Burn lingered, the last one at the door. “Gonzo,” he said, and I looked up. “One more thing I didn’t want to put on paper.”

I cocked a brow.

“Hampton’s housekeeper is his sister-in-law,” he said. “He treats her mean. If we need hands in the house, she might hold the door.”

I nodded once. “File her name under last resort.”

He nodded back and left me with the gavel and the ghosts.

I walked out to the lot by myself. The night air tasted like rain that hadn’t decided to shower down just yet. My hands wanted a fight. My head wanted a plan. My heart—if I could call it that without laughing—wanted to hear a voice say my name like it had earlier in the week, soft and sure and more dangerous than any judge.

I thumbed my phone, typed and erased, typed and erased again. I told myself I’d keep away until we had Walsh on his knees and Hampton coughing up money he couldn’t hide. I told myself distance kept people alive. I told myself all the lies men like me tell when they’re trying to do something right for once. Then I sent a text I shouldn’t have.

Back in town. Eat?

The dots came fast. Yes.

I stared at the single word like it might burn its way through the glass into my palm.
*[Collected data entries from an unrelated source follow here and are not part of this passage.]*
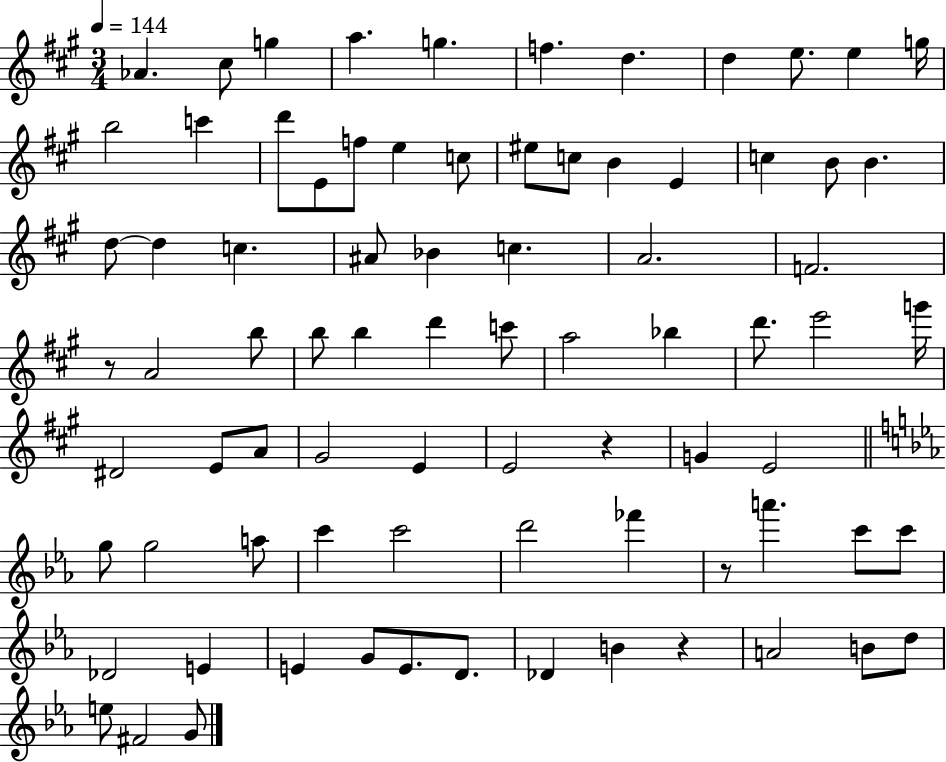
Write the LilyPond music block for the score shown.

{
  \clef treble
  \numericTimeSignature
  \time 3/4
  \key a \major
  \tempo 4 = 144
  aes'4. cis''8 g''4 | a''4. g''4. | f''4. d''4. | d''4 e''8. e''4 g''16 | \break b''2 c'''4 | d'''8 e'8 f''8 e''4 c''8 | eis''8 c''8 b'4 e'4 | c''4 b'8 b'4. | \break d''8~~ d''4 c''4. | ais'8 bes'4 c''4. | a'2. | f'2. | \break r8 a'2 b''8 | b''8 b''4 d'''4 c'''8 | a''2 bes''4 | d'''8. e'''2 g'''16 | \break dis'2 e'8 a'8 | gis'2 e'4 | e'2 r4 | g'4 e'2 | \break \bar "||" \break \key ees \major g''8 g''2 a''8 | c'''4 c'''2 | d'''2 fes'''4 | r8 a'''4. c'''8 c'''8 | \break des'2 e'4 | e'4 g'8 e'8. d'8. | des'4 b'4 r4 | a'2 b'8 d''8 | \break e''8 fis'2 g'8 | \bar "|."
}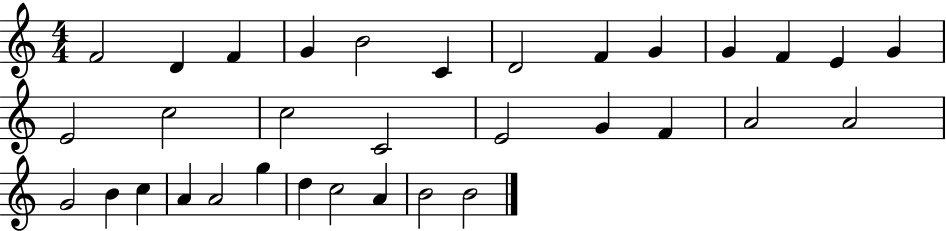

Twenty minutes, I replied. Door. Jacket.

Okay, she responded. Then, a simple but thoughtful: Be careful.

I smiled where no one could see. “Always,” I said to the empty lot, and swung my leg over the Harley-Davidson. Never replying back.

The engine ticked in rhythm. The road opened. Behind me, my brothers split into the night to face the task at hand or deal with their own shit at home. Ahead of me, a girl waited at a door with a jacket and a heart that didn’t know how to quit.

I wasn’t a kind man. I wasn’t a good one either. But I believed in loyalty at all costs. I’d pay it for my son. For my club. And God help me, guilt could eat at me until eternity, but I’d do whatever I had to even if it meant entangling an innocent woman in this mess.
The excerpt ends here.